В гибком зеркале природы
Звезды — невод, рыбы — мы,
Боги — призраки у тьмы.
(В. Хлебников)
Здесь есть «субъективность» только как ощущение воздействия индивидуальной художественной воли, нераздельное в нашем восприятии с ощущением поэтического мастерства. Общения с авторской индивидуальностью — помимо этого — нет, именно потому, что в социальной проекции литературы нет воздействия реальной личности поэта, а лишь абстрактной авторской индивидуальности — «литературной личности» (выражение Ю. Тынянова).
2
Спорным представляется также и другое утверждение что отличием лирики является неопределенность «содержания» и примат в ней чувства. (Атака против «содержания» в литературе вообще нимало не ослабила позиции традиционной поэтики в этом вопросе, а отчасти была ей на пользу.) Об этом, например, тот же Р. Леман: «Меж тем как эпическое и драматическое искусство состоит в четком, пластическом изображении характеров и действий, сущность лирики, как раз наоборот, в разомкнутости, стертости внешних очертаний. Чувство тут все»[30].
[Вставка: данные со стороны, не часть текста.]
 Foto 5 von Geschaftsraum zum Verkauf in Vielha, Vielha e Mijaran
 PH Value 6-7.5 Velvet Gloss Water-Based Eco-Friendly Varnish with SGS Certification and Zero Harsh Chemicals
Здесь указаны два признака, для Лемана они, по-видимому, обусловливают друг друга. Но можно и обособлять их. Например, Б. Томашевский следует в этом отношении за традиционным учением: «Стиховая речь есть речь повышенно эмоциональная. При лирической краткости не может быть смены эмоций. Эмоциональная окраска едина во всем стихотворении и определяет его художественную функцию»[31].
Доказательства исключительного эмоционального характера лирики в том смысле, как об этом говорят названные авторы, — неизвестны; научной проверкой этого «самонаблюдаемого» явления никто не занимался, — его не только можно, его должно оспаривать.
Наличие эмоциональных элементов при восприятии лирики несомненно, но природа этих эмоций, как отличительно лирических, иная, чем даже в случаях воздействия других литературных видов (и других искусств), тем более различимая с эмоциями бытового порядка. Ввиду этого не годится употреблять в поэтике термин общей психологии, имеющий в виду по большей части переживания внелитературные.